- Records for the exercise
------------

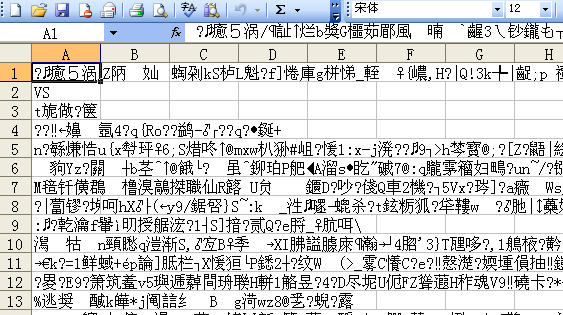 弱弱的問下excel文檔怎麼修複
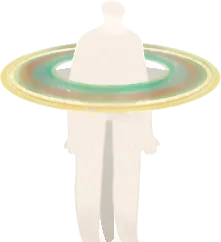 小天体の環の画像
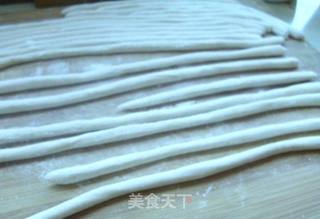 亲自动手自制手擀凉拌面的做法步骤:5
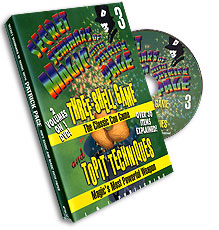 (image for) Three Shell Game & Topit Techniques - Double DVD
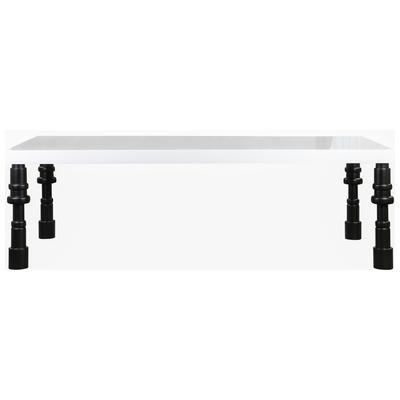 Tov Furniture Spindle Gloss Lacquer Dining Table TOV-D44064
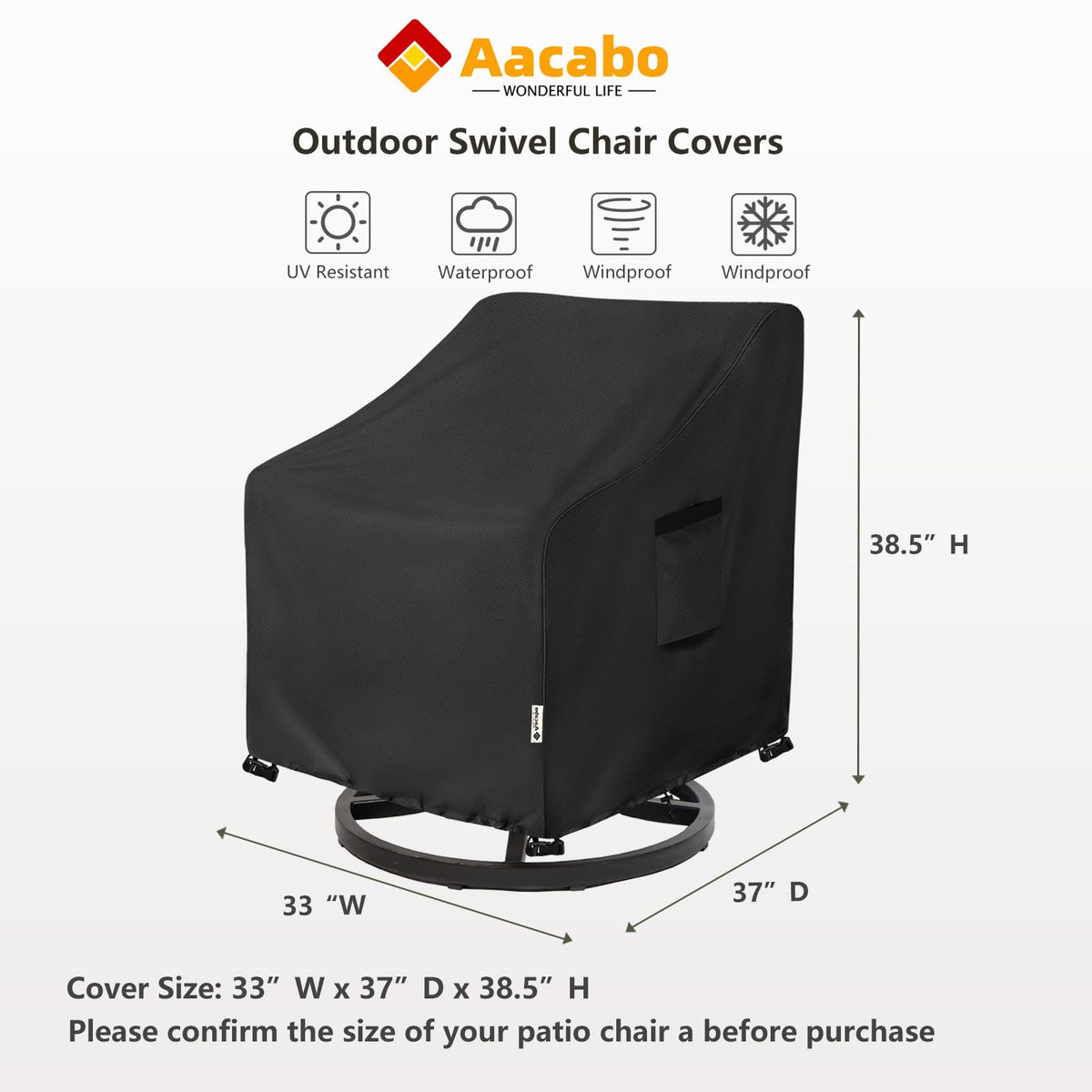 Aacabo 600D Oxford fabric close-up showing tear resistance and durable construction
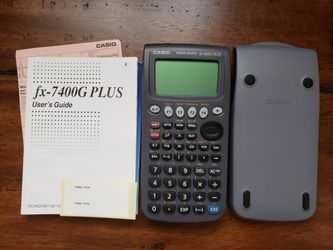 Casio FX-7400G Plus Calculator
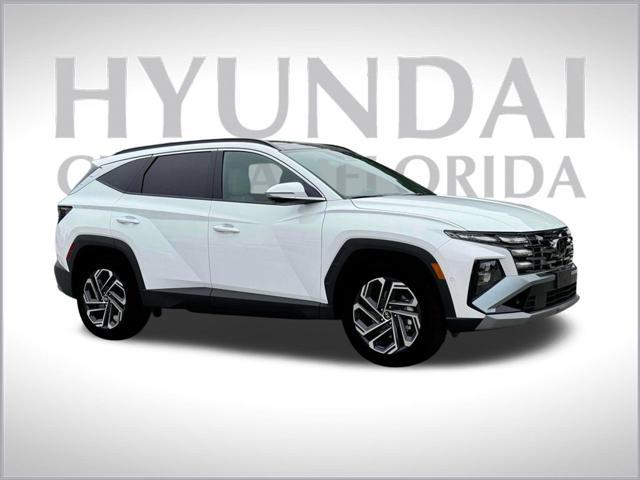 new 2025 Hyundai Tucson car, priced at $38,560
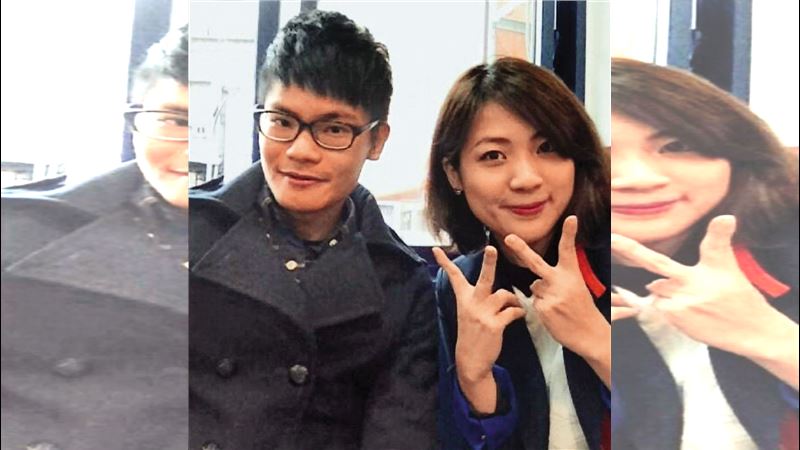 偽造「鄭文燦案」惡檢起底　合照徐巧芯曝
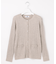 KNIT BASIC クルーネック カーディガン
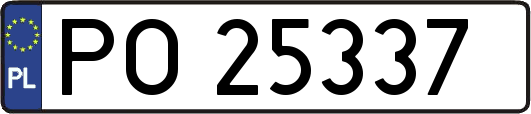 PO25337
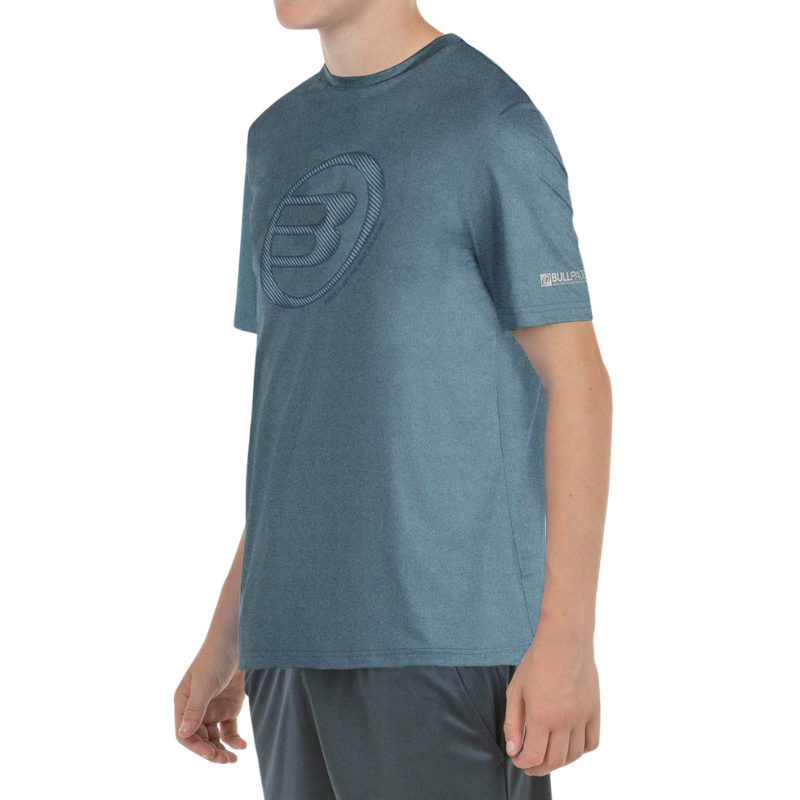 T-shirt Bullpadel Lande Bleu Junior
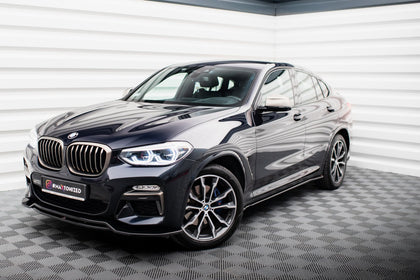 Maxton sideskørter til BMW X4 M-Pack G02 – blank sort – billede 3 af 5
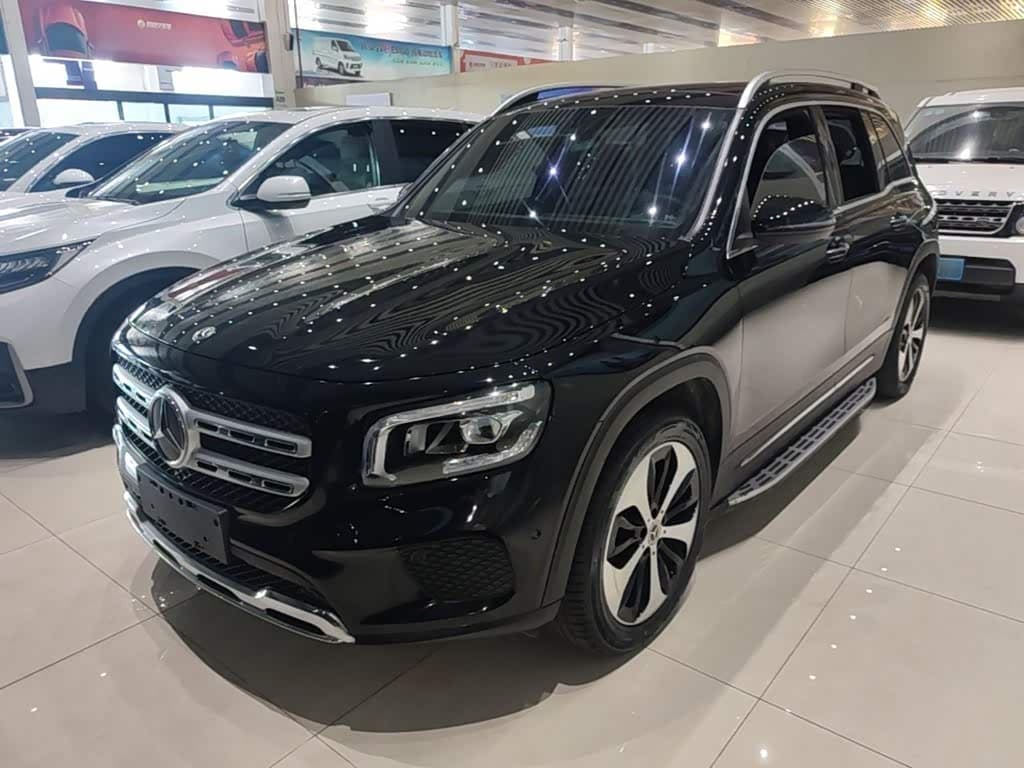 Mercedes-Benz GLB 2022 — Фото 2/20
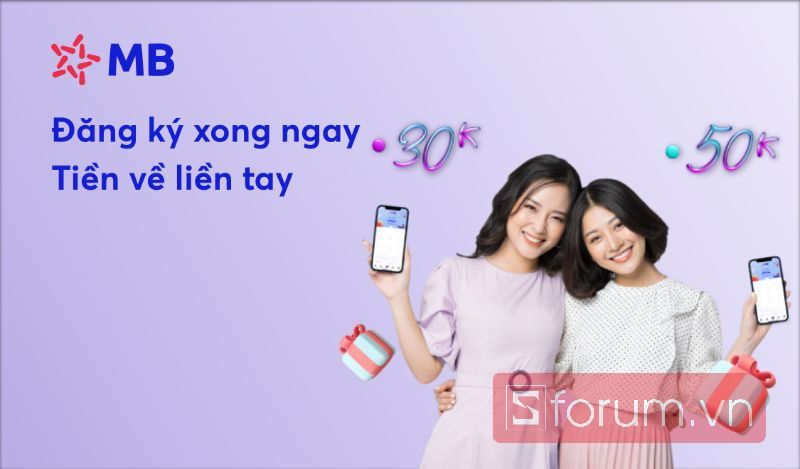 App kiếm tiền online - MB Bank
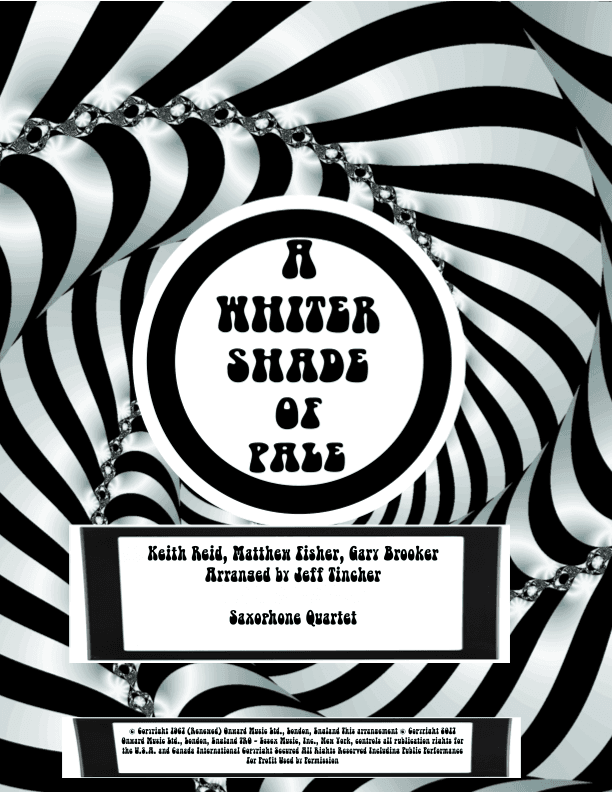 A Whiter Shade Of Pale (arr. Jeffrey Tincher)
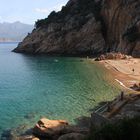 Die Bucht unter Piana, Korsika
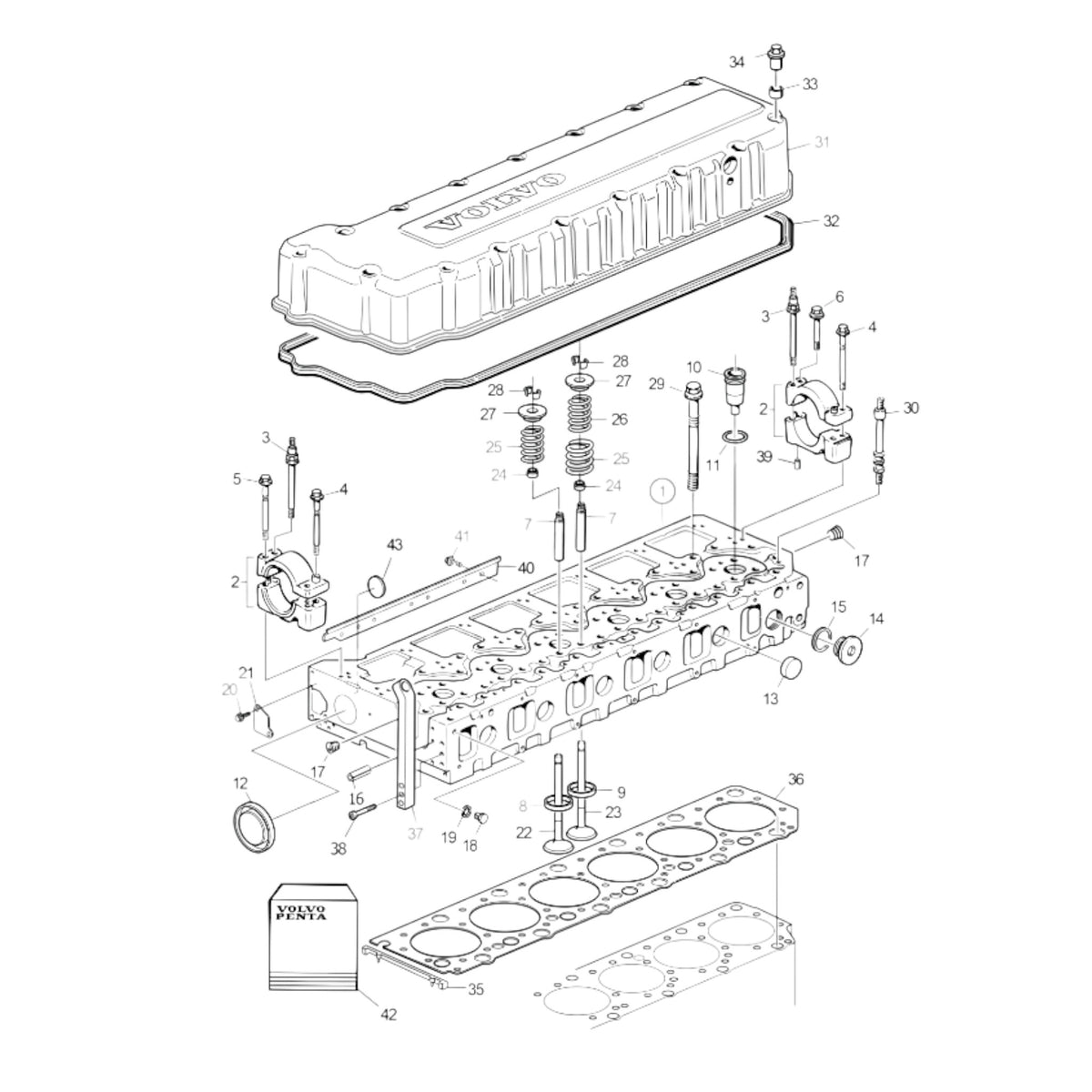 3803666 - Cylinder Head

------------

- Try it
Reproduce all the material exactly, omitting images.

- Output below
 弱弱的問下excel文檔怎麼修複
 小天体の環の画像
 亲自动手自制手擀凉拌面的做法步骤:5
 (image for) Three Shell Game & Topit Techniques - Double DVD
 Tov Furniture Spindle Gloss Lacquer Dining Table TOV-D44064
 Aacabo 600D Oxford fabric close-up showing tear resistance and durable construction
 Casio FX-7400G Plus Calculator
 new 2025 Hyundai Tucson car, priced at $38,560
 偽造「鄭文燦案」惡檢起底　合照徐巧芯曝
 KNIT BASIC クルーネック カーディガン
 PO25337
 T-shirt Bullpadel Lande Bleu Junior
 Maxton sideskørter til BMW X4 M-Pack G02 – blank sort – billede 3 af 5
 Mercedes-Benz GLB 2022 — Фото 2/20
 App kiếm tiền online - MB Bank
 A Whiter Shade Of Pale (arr. Jeffrey Tincher)
 Die Bucht unter Piana, Korsika
 3803666 - Cylinder Head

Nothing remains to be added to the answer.